Adil geçiş ve finansman vurgusu
Yol haritasını savunan ülkeler, bunun “tek tip” bir dayatma olmadığının altını çiziyor. Plan, her ülkenin farklı ekonomik gerçekliklere sahip olduğunu kabul ediyor. Bazı ülkeler devasa rezervlere sahipken, diğerleri ithalata bağımlı. Gelişmekte olan ülkelerin bu geçişi sağlayabilmesi için:
- Düşük karbonlu teknolojiye erişim,
- Büyük çaplı mali yardım,
- Adil geçiş mekanizmalarının kurulması şart koşuluyor.
Türkiye için kritik dönemeç: Riskler ve fırsatlar
Bu gelişme, Türkiye gibi enerjide dışa bağımlı ancak sanayisi fosil yakıtlara dayalı ülkeler için hayati önem taşıyor. Türkiye, Paris İklim Anlaşması’na taraf olması ve 2053 Net Sıfır Emisyon hedefini açıklamasıyla bu sürecin bir parçası. Ancak uzmanlar, Türkiye’nin Ulusal Katkı Beyanı’nda (NDC) kömürden çıkış tarihinin henüz netleşmemiş olmasının, bu yeni “küresel yol haritası” ile çelişebileceğine dikkat çekiyor.

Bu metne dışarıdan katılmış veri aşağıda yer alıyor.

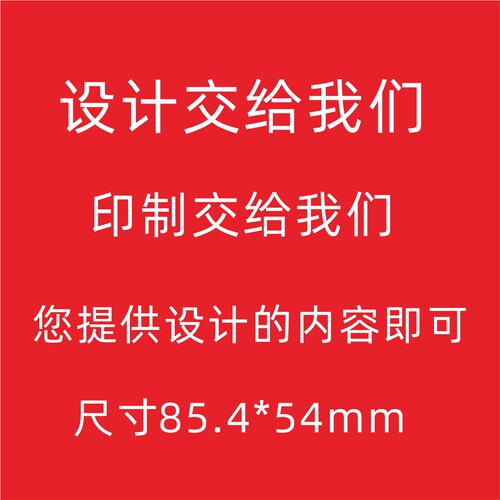 酒店 房卡贴定制 贴纸  房号贴定制 门卡贴定制 宾馆房卡贴 定制 - 图2
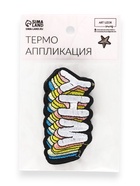 Термоаппликация Why, 8.5×4 см, разноцветная 9656506 - фото 319804407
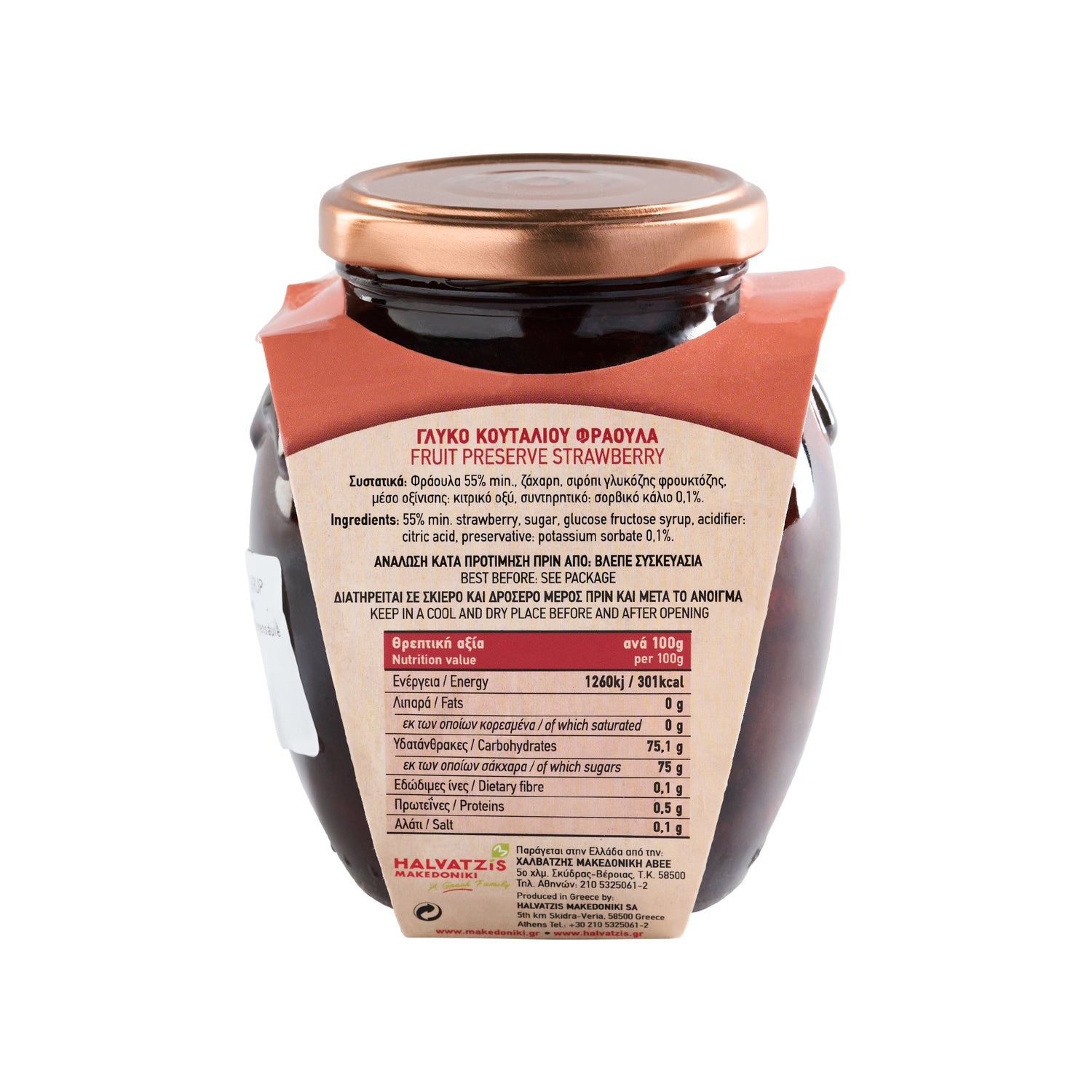 Erdbeeren eingelegt in Sirup Makedoniki 500 g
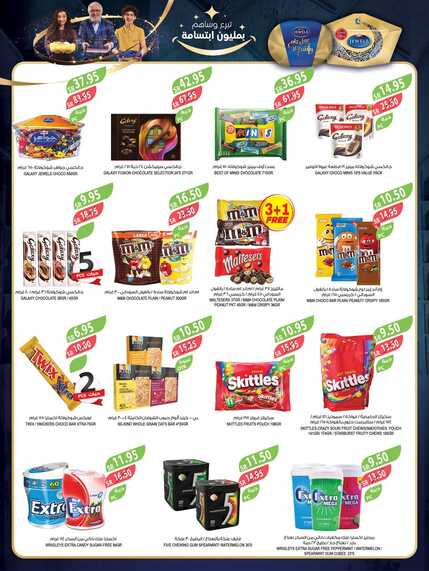 5117eastern region ALRIADH ARAR western Jeddah 10 to 23 april 1 Page 02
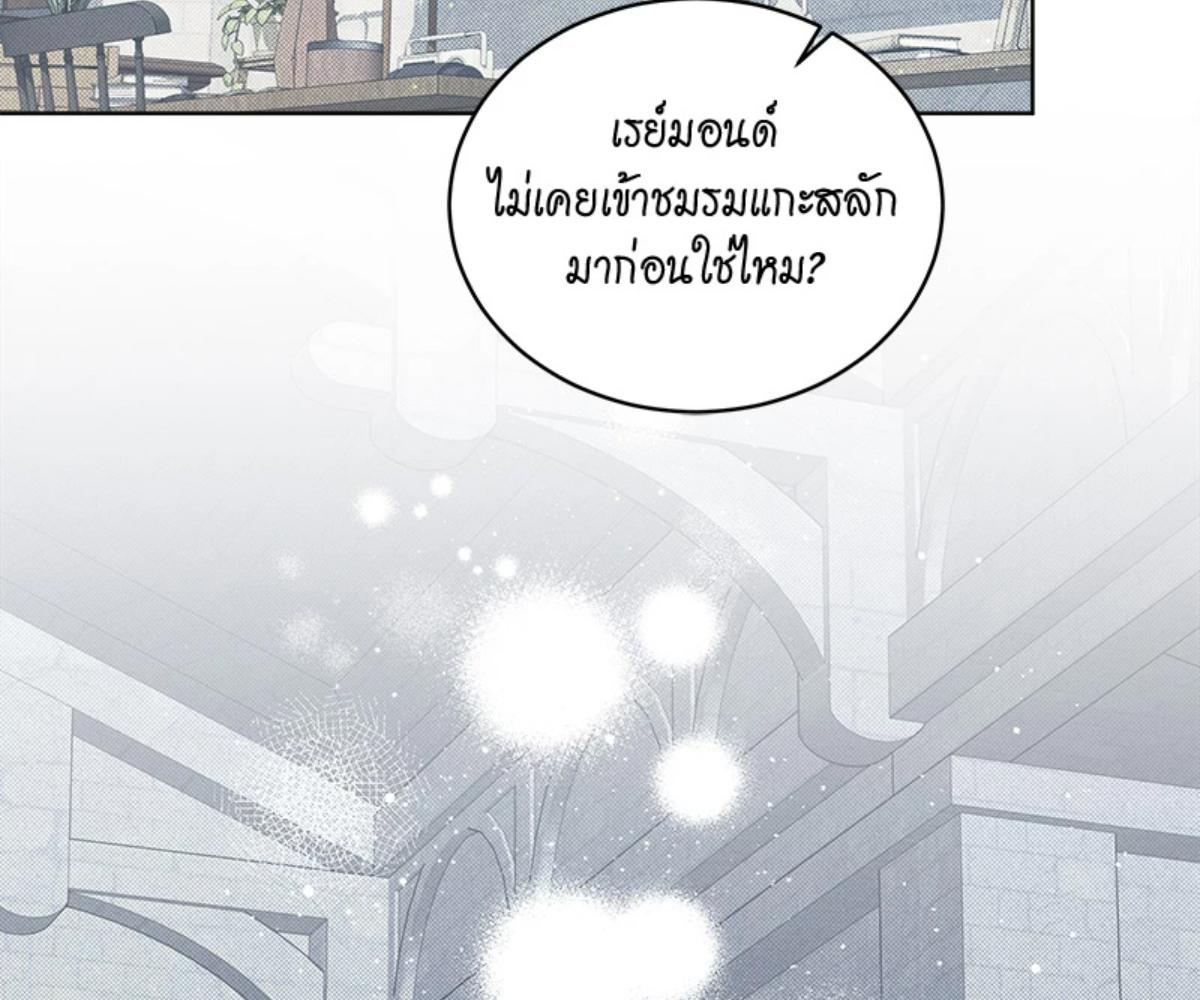 ชีวิตสังเวช | Bad Life (+R) ตอนที่ 17 - รูปที่ 2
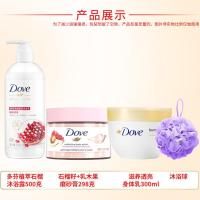 滋养透亮身体乳300ml 沐浴露身体乳磨砂膏套装润肤露持久留香滋润肌肤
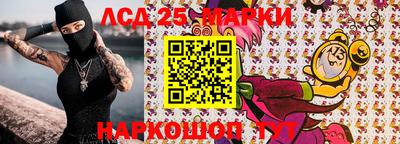 a pvp Мариинск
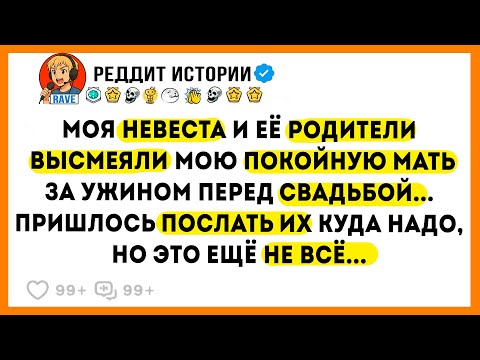 Видео: Моя Невеста и её Родители Высмеивали мою Мать, но это ещё не всё...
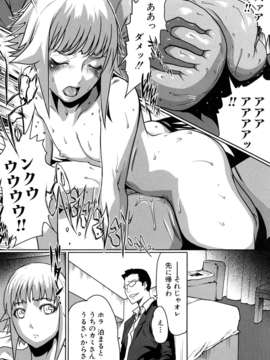 (成年コミック)[LINDA] セキララ彼女 第01巻_0076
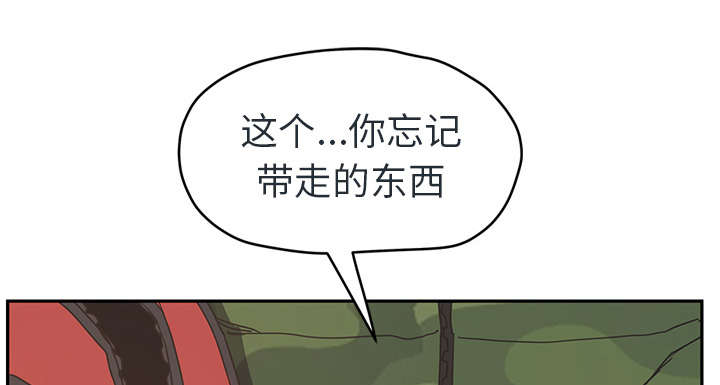 《边缘关系》漫画最新章节第90章：别再玩弄人免费下拉式在线观看章节第【8】张图片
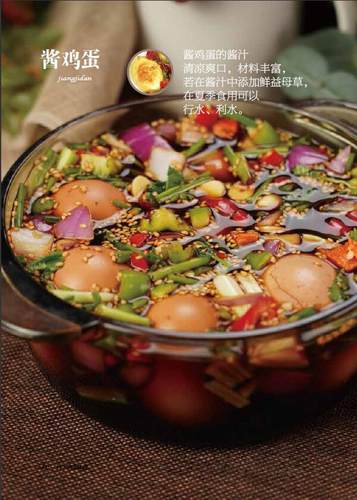 何大厨说味道 中国烹饪厨师何亮北京广播电视台养生堂栏目组 四季流转顺时而食 味道带动情感美食传递温暖中国轻工业出版社正版 - 图0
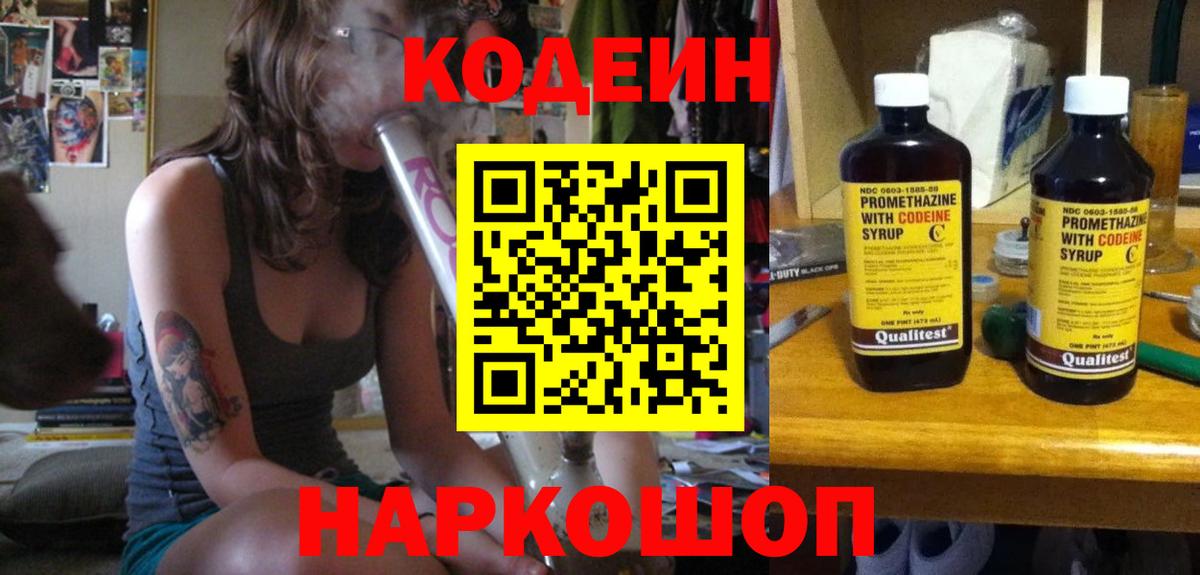 Кодеиновый сироп Lean напиток Lean (лин) Дмитров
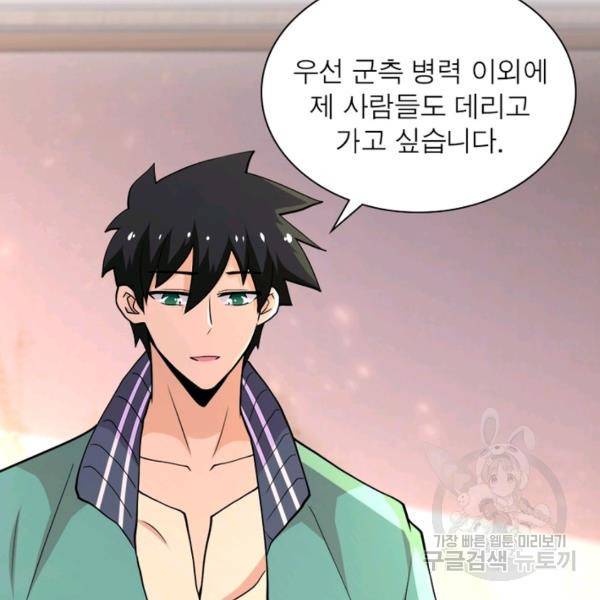 링 오브 가디언 110화 25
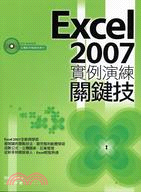 EXCEL 2007實例演練關鍵技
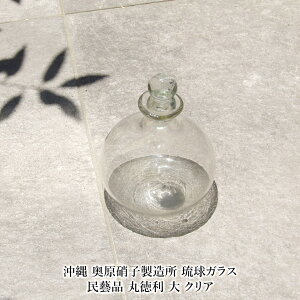 【沖縄 奥原硝子製造所】琉球ガラス 民藝品 丸徳利 大 クリア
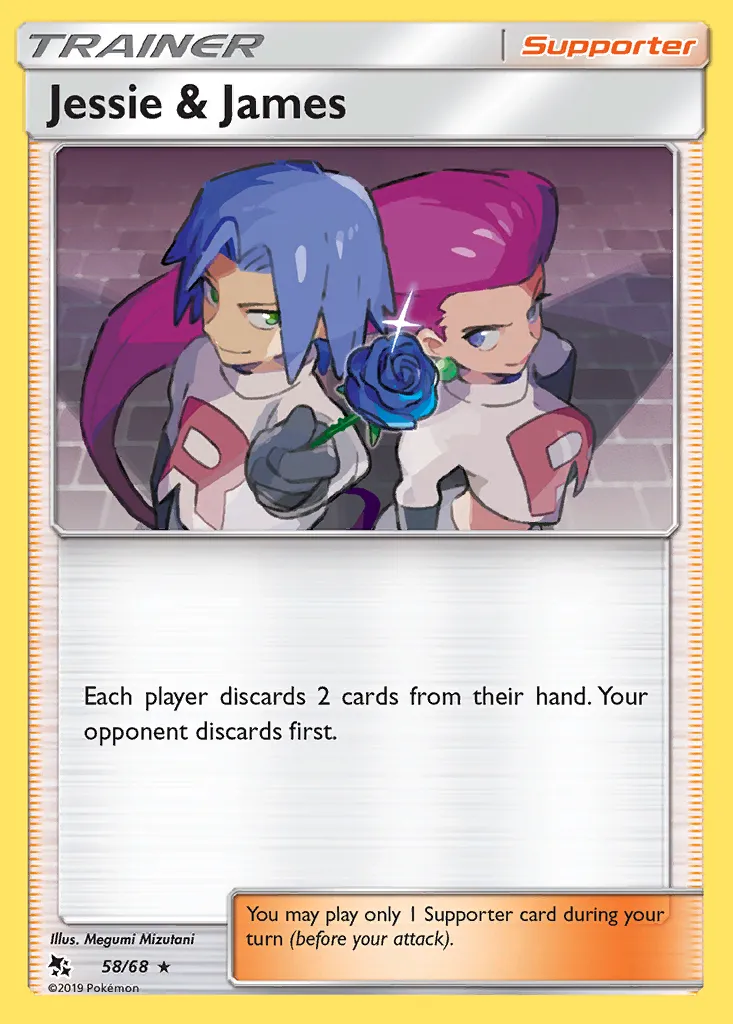 Jessie & James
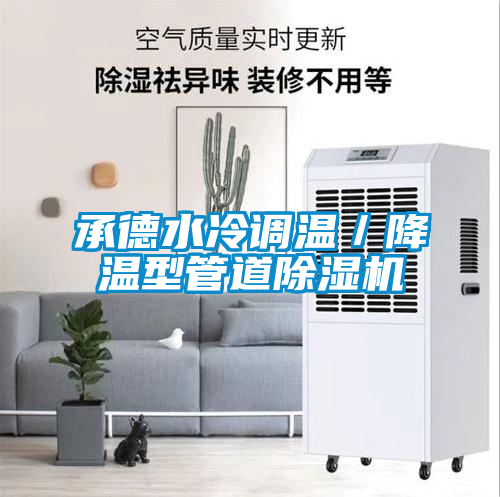 承德水冷調溫／降溫型管道91看片在线下载機
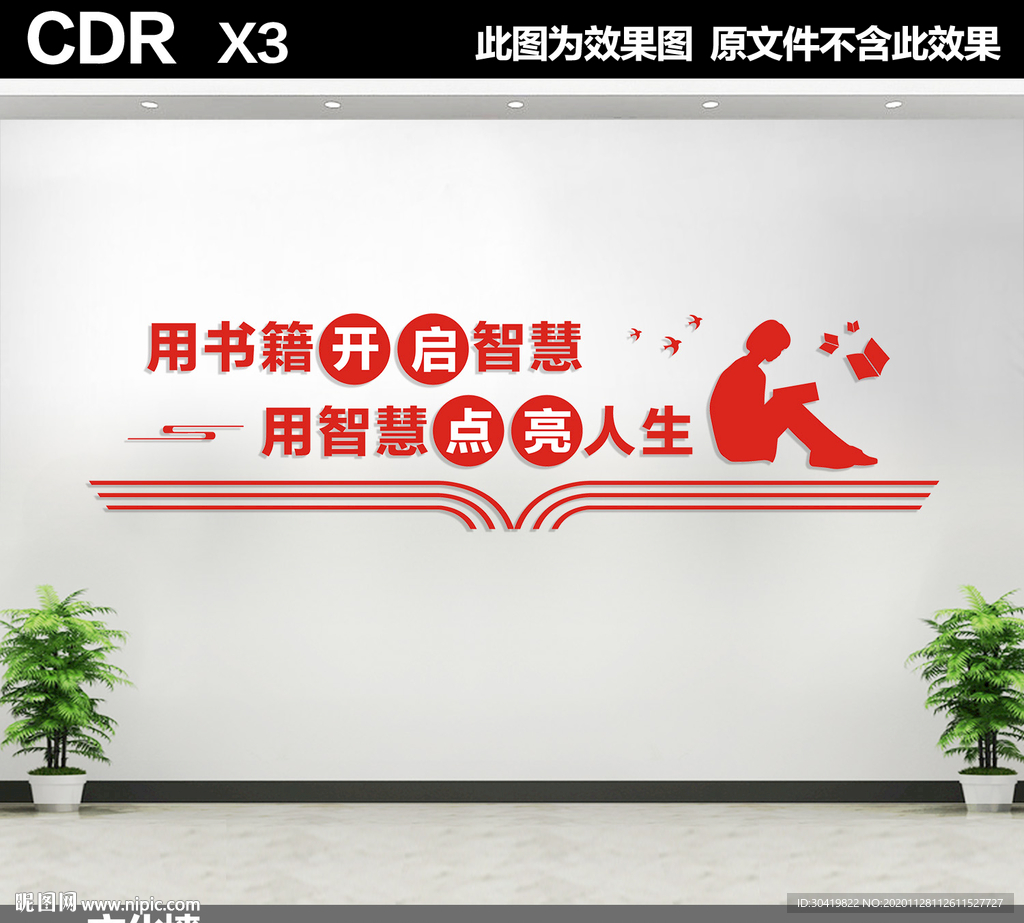 阅览室文化墙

Eğer COP30’dan bağlayıcı bir fosil yakıtları terk kararı çıkarsa, Türkiye’nin enerji stratejisini kökten revize etmesi gerekebilir. Bu durum kısa vadede sanayi ve enerji üretim maliyetleri üzerinde baskı oluşturabilecek olsa da, uzun vadede Türkiye’nin yüksek güneş ve rüzgar potansiyeli düşünüldüğünde, enerji bağımsızlığı için tarihi bir fırsat olarak da değerlendiriliyor. Bölgesel olarak ise, Türkiye’nin komşuları olan petrol üreticisi ülkelerin ekonomilerinde yaşanacak daralmalar, bölgesel ticareti ve jeopolitiği doğrudan etkileyecektir.
İnsanlık ve bürokrasi arasındaki savaş
Belém’den gelen haberler, iklim mücadelesinin artık sadece çevresel değil, tamamen ekonomik ve siyasi bir savaşa dönüştüğünü gösteriyor. 80 ülkenin bir araya gelerek oluşturduğu blok, “çoğunluğun iradesinin” azınlığın ekonomik çıkarlarına galip gelip gelemeyeceğini test ediyor.
Ancak buradaki en büyük paradoks, BM’nin karar alma mekanizmasında yatıyor. Milyonlarca insanın geleceği, tek bir petrol devletinin veto hakkına takılabiliyor. COP30, ya fosil yakıt çağının kapanış belgesinin imzalandığı yer olarak tarihe geçecek ya da diplomatik bir fiyasko olarak hatırlanacak. Brezilya’nın revize edeceği metin, bu iki uç senaryodan hangisinin gerçekleşeceğini belirleyecek. Kesin olan tek şey; artık “bakacağız” deme lüksünün kalmadığıdır.